§ Assigned task:
Exercise in exact copying: restate word for word only the lines below from the one containing "Buffalo Beer:: The" through the one containing "为什么不用中文用英语怎么说", omitting any pictures.

Data extracted from a collection:

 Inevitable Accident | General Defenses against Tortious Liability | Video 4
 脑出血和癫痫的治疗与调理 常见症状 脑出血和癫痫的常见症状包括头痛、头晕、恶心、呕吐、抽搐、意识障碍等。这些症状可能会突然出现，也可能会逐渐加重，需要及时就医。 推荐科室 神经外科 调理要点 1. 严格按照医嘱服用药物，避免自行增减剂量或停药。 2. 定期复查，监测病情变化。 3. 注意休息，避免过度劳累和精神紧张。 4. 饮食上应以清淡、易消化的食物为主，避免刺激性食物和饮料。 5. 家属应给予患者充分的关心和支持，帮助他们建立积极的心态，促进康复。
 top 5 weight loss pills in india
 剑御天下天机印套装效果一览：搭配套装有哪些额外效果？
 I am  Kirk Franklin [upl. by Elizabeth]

...

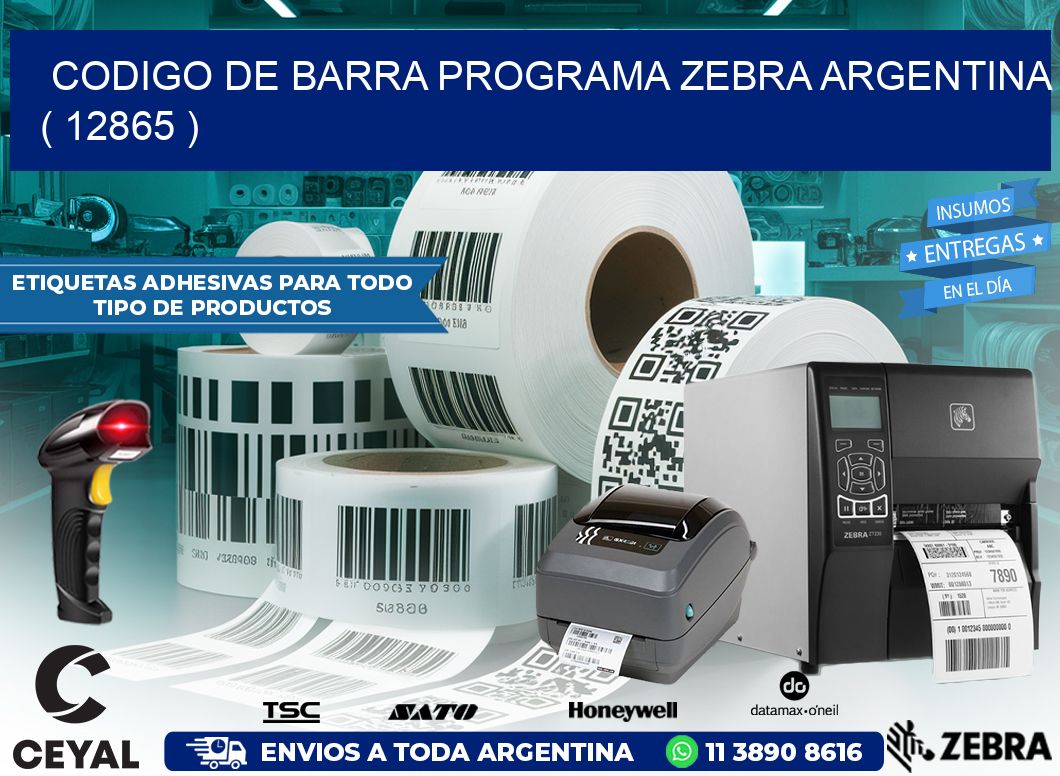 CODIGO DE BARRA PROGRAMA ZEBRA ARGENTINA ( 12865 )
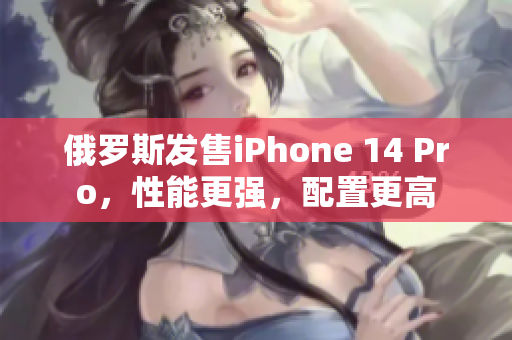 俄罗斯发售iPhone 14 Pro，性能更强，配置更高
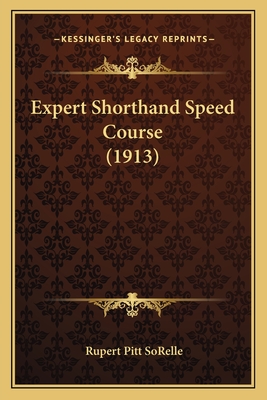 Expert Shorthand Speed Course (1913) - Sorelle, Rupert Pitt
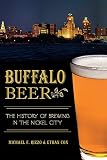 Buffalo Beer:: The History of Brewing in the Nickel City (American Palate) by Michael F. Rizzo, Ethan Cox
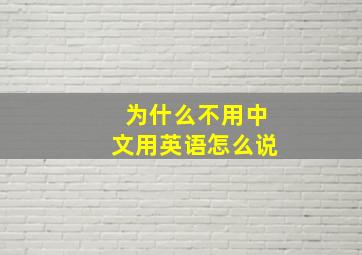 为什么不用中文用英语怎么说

---

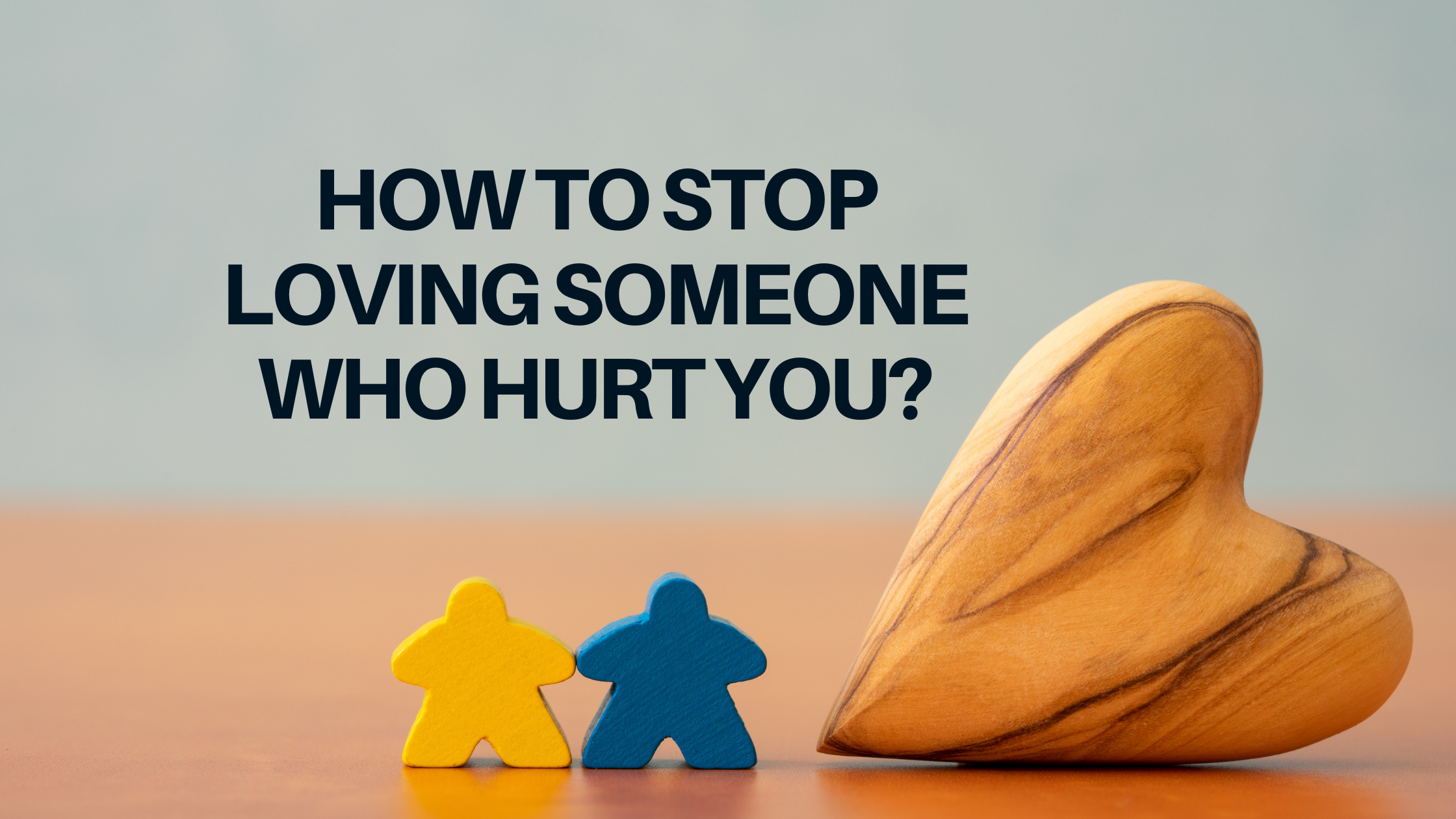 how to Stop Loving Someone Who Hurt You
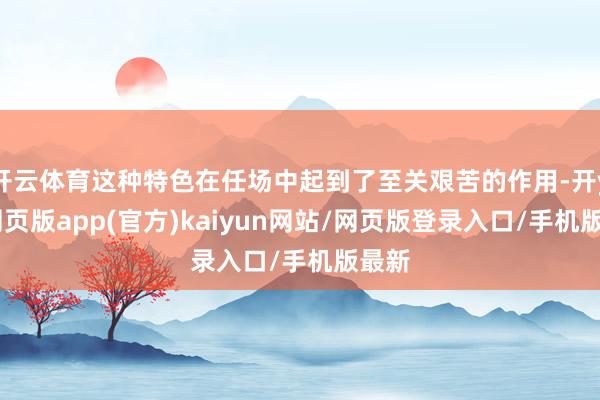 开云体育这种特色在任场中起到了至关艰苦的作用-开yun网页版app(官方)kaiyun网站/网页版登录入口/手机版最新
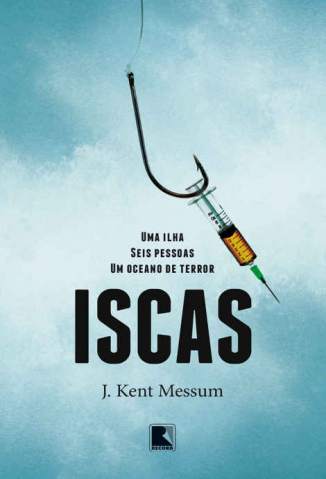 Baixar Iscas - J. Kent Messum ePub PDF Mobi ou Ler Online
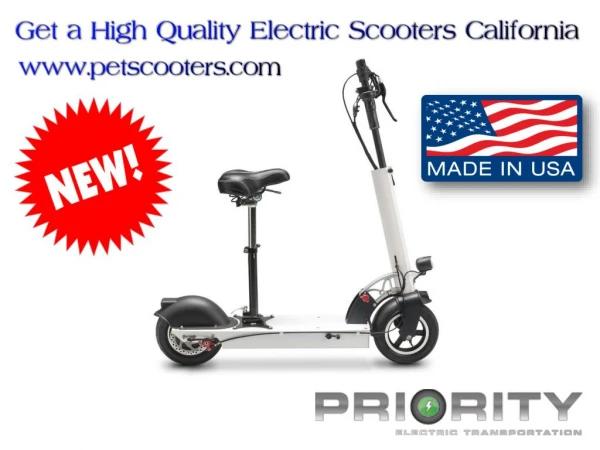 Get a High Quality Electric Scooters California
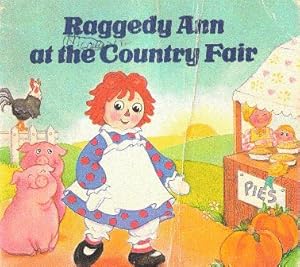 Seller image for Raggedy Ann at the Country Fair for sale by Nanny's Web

§ Written response:
 Buffalo Beer:: The History of Brewing in the Nickel City (American Palate) by Michael F. Rizzo, Ethan Cox
 为什么不用中文用英语怎么说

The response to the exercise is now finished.